» Information shown
↓↓↓

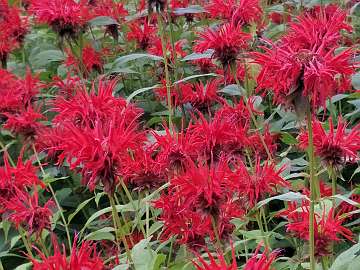 Monarda (36)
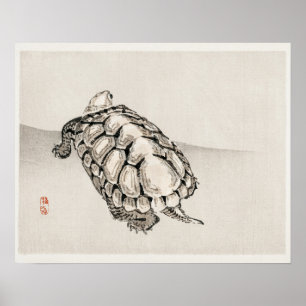 Schildkröte von Kōno Bairei (1844-1895) Poster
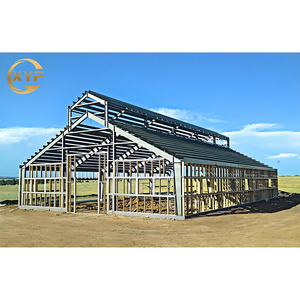 Servicio Integral de Construcción Metálica 20x40 / 40x60 / 50x100 - Estructura de Acero, Almacén de 1000 Metros Cuadrados, Edificio Prefabricado - Product Image 2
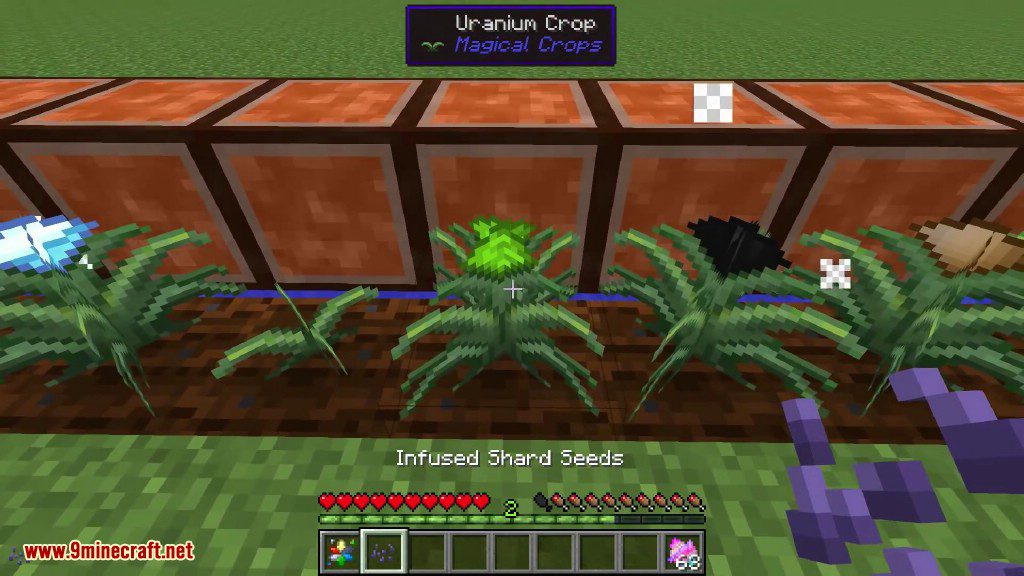 Magical Crops Mod (1.12.2, 1.7.10) - Grow Your Diamonds and More 23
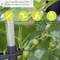 Plant de tomate avec des tomates vertes et un système d'arrosage. Les symboles en haut montrent les avantages : adapté au balcon, stable, montage facile, approvisionnement en eau. Texte : 'Votre solution tout-en-un sans souci pour la culture de tomates'.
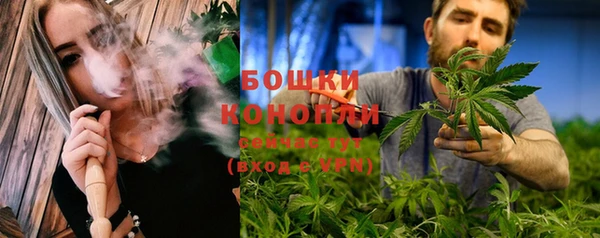 альфа пвп Дмитровск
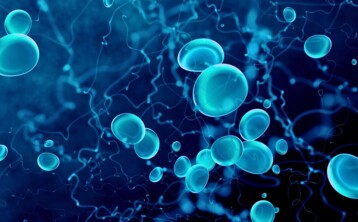 dry hematology with vef-based technology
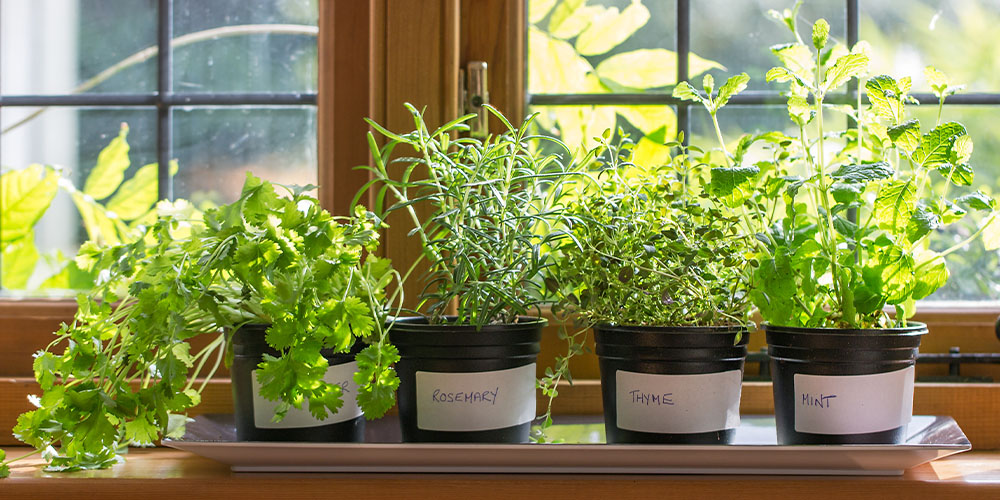 Dees Nursery-Oceanside-Defy Nature-Grow Herbs Indoors-herbs growing on windowsill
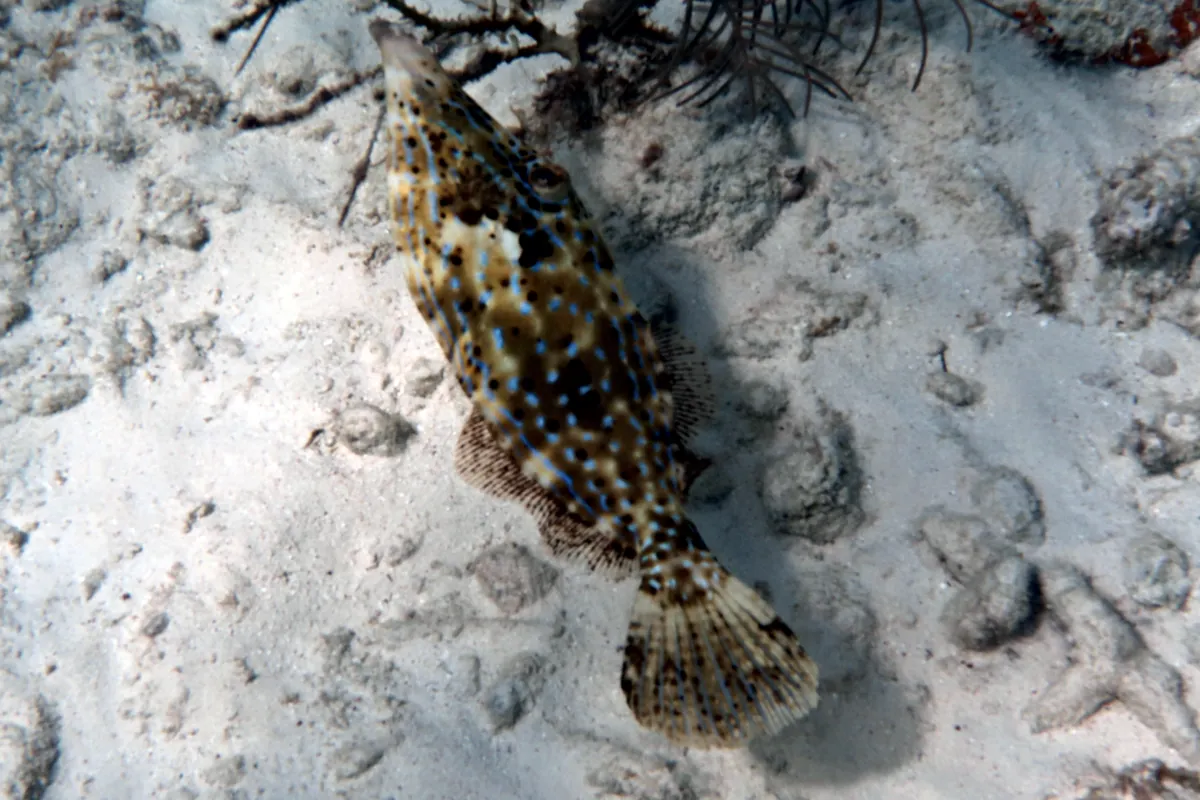 Scrawled Filefish
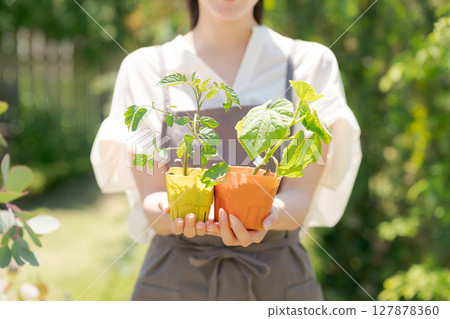 Woman holding vegetable seedlings Woman holding vegetable seedlings 127878360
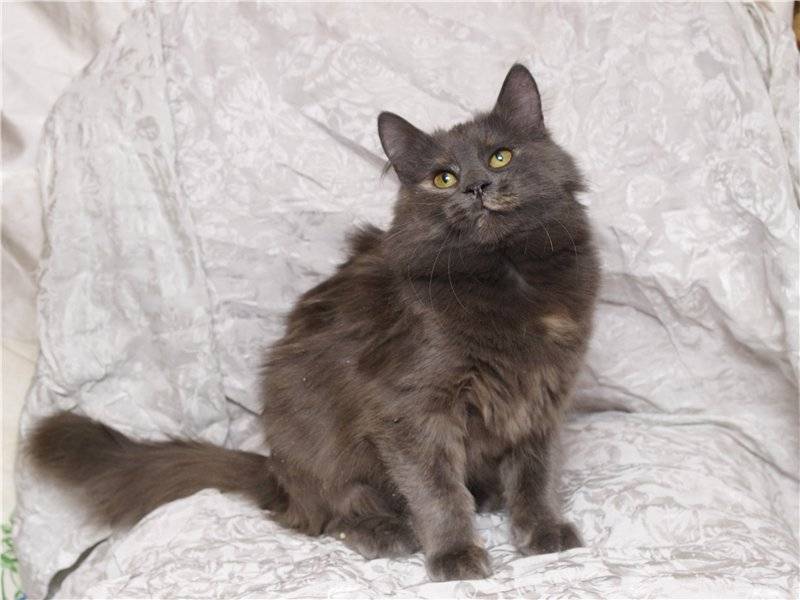 Нибелунг: фото кошки, описание породы, характер и повадки, отзывы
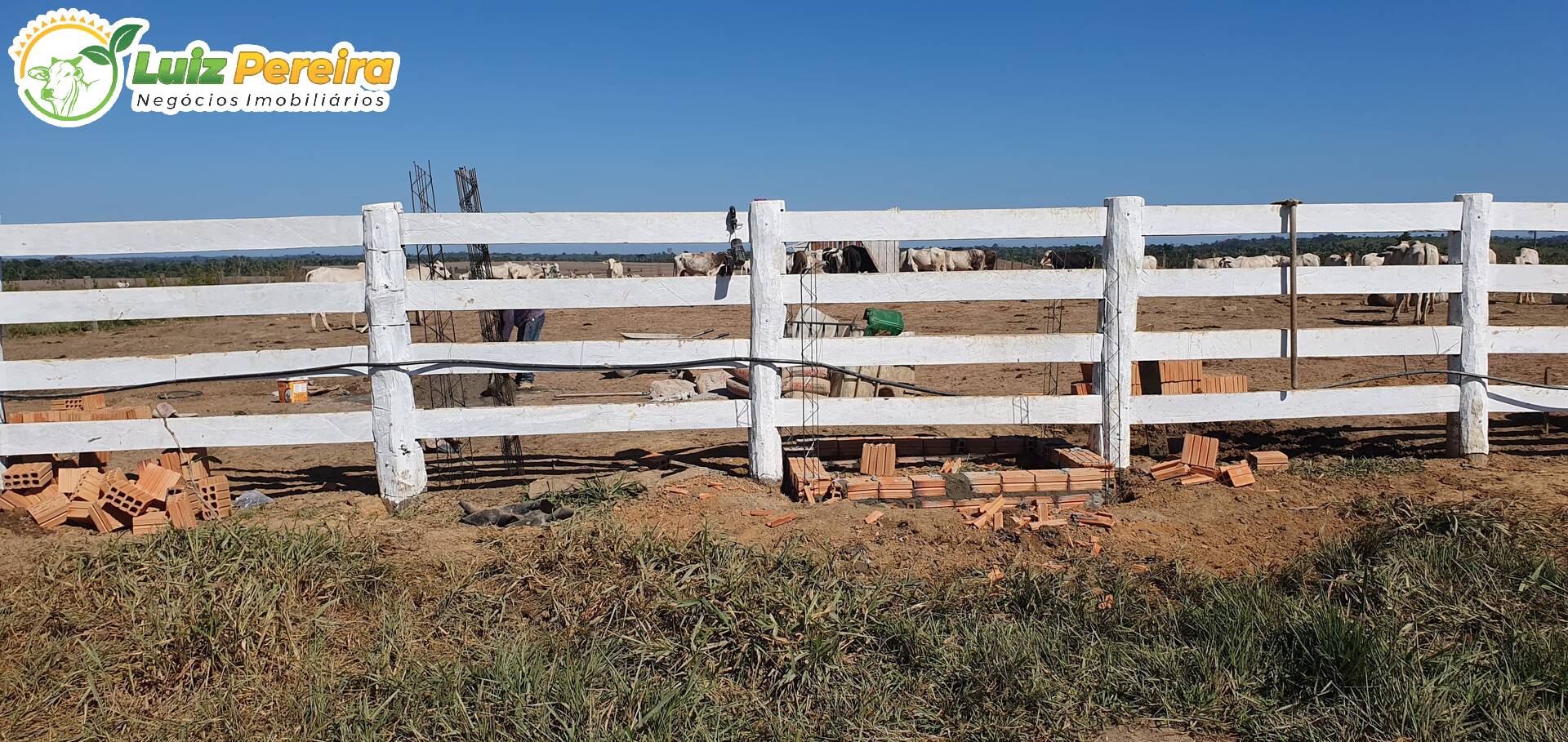 Terreno, 6312 m² - Foto 15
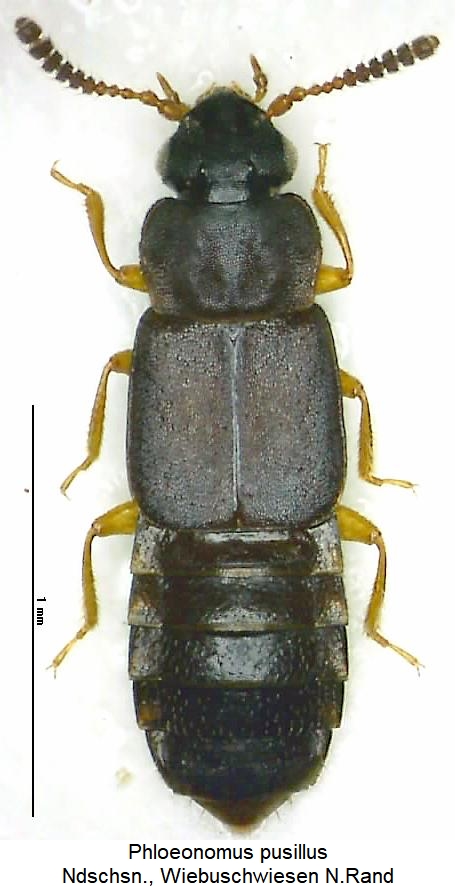 phloeonomus_pusillus_hab.jpg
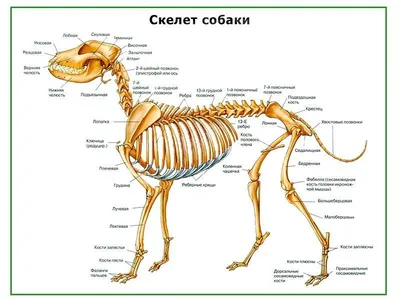 Скелет собаки: иллюстрации: нормальная анатомия | vet-Anatomy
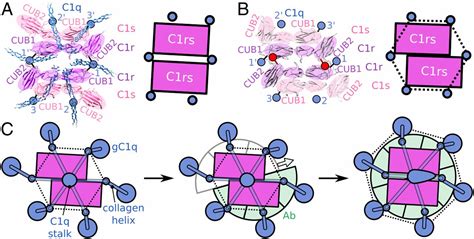 Insights Into Igm Mediated Complement Activation Based On In Situ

↑↑↑

» Problem to solve
All pictures are to be skipped; the lines from the first line of the records through the line containing "phloeonomus_pusillus_hab.jpg" are to be repeated exactly, both ends included.

» Output for this task
 Monarda (36)
 Schildkröte von Kōno Bairei (1844-1895) Poster
 Servicio Integral de Construcción Metálica 20x40 / 40x60 / 50x100 - Estructura de Acero, Almacén de 1000 Metros Cuadrados, Edificio Prefabricado - Product Image 2
 Magical Crops Mod (1.12.2, 1.7.10) - Grow Your Diamonds and More 23
 Plant de tomate avec des tomates vertes et un système d'arrosage. Les symboles en haut montrent les avantages : adapté au balcon, stable, montage facile, approvisionnement en eau. Texte : 'Votre solution tout-en-un sans souci pour la culture de tomates'.
 альфа пвп Дмитровск
 dry hematology with vef-based technology
 Dees Nursery-Oceanside-Defy Nature-Grow Herbs Indoors-herbs growing on windowsill
 Scrawled Filefish
 Woman holding vegetable seedlings Woman holding vegetable seedlings 127878360
 Нибелунг: фото кошки, описание породы, характер и повадки, отзывы
 Terreno, 6312 m² - Foto 15
 phloeonomus_pusillus_hab.jpg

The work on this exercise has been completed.